§ **SUPPLIED INFORMATION**:
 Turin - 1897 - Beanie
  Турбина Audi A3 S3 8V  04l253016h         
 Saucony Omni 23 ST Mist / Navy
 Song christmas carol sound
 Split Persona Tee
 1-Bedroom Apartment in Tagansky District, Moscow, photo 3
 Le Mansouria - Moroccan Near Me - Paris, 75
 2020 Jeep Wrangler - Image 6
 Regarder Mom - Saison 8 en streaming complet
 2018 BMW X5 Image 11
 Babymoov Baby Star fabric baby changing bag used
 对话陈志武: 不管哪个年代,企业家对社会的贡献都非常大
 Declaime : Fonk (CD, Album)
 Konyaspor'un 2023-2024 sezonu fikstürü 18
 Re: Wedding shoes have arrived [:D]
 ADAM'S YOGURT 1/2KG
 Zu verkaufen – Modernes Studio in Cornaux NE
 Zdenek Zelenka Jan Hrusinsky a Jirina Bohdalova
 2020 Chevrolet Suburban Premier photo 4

§ **GOAL OF THE EXERCISE**: An exact copy is needed of the closing lines of the entries above, counting from the one that contains "Split Persona Tee" and including it and the last.

§ **WRITTEN ANSWER**:
 Split Persona Tee
 1-Bedroom Apartment in Tagansky District, Moscow, photo 3
 Le Mansouria - Moroccan Near Me - Paris, 75
 2020 Jeep Wrangler - Image 6
 Regarder Mom - Saison 8 en streaming complet
 2018 BMW X5 Image 11
 Babymoov Baby Star fabric baby changing bag used
 对话陈志武: 不管哪个年代,企业家对社会的贡献都非常大
 Declaime : Fonk (CD, Album)
 Konyaspor'un 2023-2024 sezonu fikstürü 18
 Re: Wedding shoes have arrived [:D]
 ADAM'S YOGURT 1/2KG
 Zu verkaufen – Modernes Studio in Cornaux NE
 Zdenek Zelenka Jan Hrusinsky a Jirina Bohdalova
 2020 Chevrolet Suburban Premier photo 4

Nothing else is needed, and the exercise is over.